Hope. It comes and it goes, it fluctuates wildly over the course of every day. Some moments, I feel downright defeated, and others I feel as if I can take on any little issue that comes my way. Today was a day where hope varied widely over the course of the day. What counts is that there is hope in this moment, and so I have hope for hope, hope in the future.
If I am being entirely honest with myself, and can put to side all of the niggling irritations that I sometimes let consume me, I don’t want my life to look like it does now in five years, or even five months. There are things I want to do, to accomplish, to weave into my day-to-day routine. I want things to be *better* and I want things to be *ok*.
If I am being completely honest, “things” ARE better than at certain moments in the past. Quite a bit better, actually. Sometimes I go back in time and wade through blog entries of years past, and I see that I have come a very long way in many areas. At this moment, I can count back even a month or two or six and see what a vast distance I have traveled.
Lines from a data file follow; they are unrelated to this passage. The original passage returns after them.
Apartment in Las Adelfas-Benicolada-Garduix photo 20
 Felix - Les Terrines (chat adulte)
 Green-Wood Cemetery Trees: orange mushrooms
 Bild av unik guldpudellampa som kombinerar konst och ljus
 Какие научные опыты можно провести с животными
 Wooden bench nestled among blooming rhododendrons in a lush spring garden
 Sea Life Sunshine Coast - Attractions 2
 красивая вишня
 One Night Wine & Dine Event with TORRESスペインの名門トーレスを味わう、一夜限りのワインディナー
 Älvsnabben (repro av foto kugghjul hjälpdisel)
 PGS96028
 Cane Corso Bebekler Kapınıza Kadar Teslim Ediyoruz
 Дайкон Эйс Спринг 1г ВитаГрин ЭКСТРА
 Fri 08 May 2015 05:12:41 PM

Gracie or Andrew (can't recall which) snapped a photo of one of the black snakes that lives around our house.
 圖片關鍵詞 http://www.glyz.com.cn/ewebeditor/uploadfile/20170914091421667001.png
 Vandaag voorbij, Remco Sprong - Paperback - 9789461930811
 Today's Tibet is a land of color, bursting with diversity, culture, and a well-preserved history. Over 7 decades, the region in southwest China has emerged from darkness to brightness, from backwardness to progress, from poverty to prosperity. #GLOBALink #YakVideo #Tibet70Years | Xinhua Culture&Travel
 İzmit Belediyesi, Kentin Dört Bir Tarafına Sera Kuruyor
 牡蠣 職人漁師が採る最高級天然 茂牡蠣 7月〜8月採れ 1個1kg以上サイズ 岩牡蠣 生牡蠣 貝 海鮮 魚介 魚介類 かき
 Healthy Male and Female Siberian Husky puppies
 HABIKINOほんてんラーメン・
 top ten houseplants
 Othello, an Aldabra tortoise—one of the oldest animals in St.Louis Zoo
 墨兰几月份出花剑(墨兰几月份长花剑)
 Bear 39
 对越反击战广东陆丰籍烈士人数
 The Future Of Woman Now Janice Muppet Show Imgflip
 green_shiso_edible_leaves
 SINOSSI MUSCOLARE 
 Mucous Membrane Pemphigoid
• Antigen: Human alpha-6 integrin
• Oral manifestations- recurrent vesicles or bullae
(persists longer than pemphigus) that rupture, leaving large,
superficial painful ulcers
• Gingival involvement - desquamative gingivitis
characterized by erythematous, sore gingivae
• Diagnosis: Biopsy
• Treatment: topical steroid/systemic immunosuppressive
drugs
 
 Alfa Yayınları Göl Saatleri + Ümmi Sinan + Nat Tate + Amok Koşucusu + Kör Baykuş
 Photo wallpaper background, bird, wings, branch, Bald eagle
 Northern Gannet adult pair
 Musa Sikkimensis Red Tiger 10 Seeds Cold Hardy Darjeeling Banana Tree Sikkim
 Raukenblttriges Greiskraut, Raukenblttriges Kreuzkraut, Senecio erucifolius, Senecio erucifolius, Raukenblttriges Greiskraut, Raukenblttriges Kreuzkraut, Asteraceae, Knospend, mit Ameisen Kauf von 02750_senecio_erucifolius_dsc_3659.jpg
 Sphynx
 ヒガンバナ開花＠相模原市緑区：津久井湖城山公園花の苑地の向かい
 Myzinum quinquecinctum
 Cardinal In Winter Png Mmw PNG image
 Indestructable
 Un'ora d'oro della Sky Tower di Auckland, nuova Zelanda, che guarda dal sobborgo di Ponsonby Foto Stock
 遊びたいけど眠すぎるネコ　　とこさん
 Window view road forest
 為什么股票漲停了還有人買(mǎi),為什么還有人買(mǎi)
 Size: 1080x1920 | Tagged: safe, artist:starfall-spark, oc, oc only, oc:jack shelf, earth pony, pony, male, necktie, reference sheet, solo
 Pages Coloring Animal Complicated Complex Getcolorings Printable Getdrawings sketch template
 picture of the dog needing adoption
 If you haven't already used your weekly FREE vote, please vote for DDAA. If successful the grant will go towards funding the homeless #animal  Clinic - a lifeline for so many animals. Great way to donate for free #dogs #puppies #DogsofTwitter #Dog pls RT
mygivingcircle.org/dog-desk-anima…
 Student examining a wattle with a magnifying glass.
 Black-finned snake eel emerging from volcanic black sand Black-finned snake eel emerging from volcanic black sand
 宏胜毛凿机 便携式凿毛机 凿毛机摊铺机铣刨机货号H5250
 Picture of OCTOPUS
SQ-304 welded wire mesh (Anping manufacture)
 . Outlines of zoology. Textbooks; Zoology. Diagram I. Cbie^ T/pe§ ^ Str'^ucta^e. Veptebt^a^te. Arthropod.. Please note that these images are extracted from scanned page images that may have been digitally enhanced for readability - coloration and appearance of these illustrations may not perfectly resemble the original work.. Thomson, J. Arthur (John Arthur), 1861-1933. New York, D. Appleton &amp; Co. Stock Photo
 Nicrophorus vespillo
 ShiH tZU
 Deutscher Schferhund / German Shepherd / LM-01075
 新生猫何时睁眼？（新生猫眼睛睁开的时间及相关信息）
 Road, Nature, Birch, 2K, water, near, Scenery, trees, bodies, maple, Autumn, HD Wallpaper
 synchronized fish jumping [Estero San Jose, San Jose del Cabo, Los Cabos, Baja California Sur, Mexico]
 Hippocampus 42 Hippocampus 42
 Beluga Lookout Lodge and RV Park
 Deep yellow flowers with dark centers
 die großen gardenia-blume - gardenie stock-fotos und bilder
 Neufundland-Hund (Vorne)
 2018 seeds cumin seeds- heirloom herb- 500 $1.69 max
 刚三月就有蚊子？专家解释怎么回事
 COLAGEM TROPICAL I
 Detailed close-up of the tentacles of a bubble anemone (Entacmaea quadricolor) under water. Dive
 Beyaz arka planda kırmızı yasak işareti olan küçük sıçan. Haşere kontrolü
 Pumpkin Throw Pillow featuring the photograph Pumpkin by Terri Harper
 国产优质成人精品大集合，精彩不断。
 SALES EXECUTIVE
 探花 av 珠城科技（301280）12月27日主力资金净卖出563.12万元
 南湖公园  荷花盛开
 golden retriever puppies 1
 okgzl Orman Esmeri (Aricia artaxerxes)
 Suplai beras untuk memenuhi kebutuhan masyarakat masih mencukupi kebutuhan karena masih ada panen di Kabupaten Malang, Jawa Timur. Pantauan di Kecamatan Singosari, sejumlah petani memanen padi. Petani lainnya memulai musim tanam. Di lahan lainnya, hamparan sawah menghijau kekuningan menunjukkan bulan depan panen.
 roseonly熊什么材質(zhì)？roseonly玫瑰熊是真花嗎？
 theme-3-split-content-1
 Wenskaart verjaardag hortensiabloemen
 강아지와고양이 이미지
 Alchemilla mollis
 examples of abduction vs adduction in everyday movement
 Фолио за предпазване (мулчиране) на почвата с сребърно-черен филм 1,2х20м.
Rosa on the bipolar train, it goes around in circles, but it is altogether *better* than it ever has been, even while I can see many improvements that I want to make.
I have a secret, y’all. Someday, I want to work again, even if it’s just a little bit. I want to work in some capacity where I am helping people, like I used to, in my former worklife. It obviously can’t be as stressful or have as much responsibility behind it, but I itch to do something, anything that makes a difference in someone else’s life.
I feel like I come from a place where I have all of these tools I have learned, and I really think maybe they could help a person or two. I don’t have everything figured out, but on a clear day, I have quite a bit figured out. I don’t claim to be better than anyone else, or know more than anyone else, but I do have a unique angle, I do have a life that other people (I think) could relate to.
I’m thinking about talking with my DBT leader about someday (we’re talking months, maybe a year) being in a peer support role, where I attend DBT meetings as someone other than a client. I have had years and years of DBT — I truly believe it is something I would be good at.
If I could teach just one person how to find willingness, man, that would be something. I have a few blog friends who consistently over time have encouraged me to write a book. It is only in the last month or so that I have started to take that advice seriously, and have thought, just maybe I could. Maybe I SHOULD.
If I can rise over the negativity that seems to settle cloud-like around my brain nearly every day, without warning, then I think there is hope. I think that this photo to the right is true, that your mind believes everything you tell it, and maybe I should start telling my mind that I CAN and I WILL and surround it with love.
None of this is rocket-science, and I may lose sight of everything I have written today by the time tomorrow gets here, and maybe this is all just a little bit of hypomania thrown into the mix, but things are really starting to make sense, to click, and I think the key just might be the hope I am holding out for hope.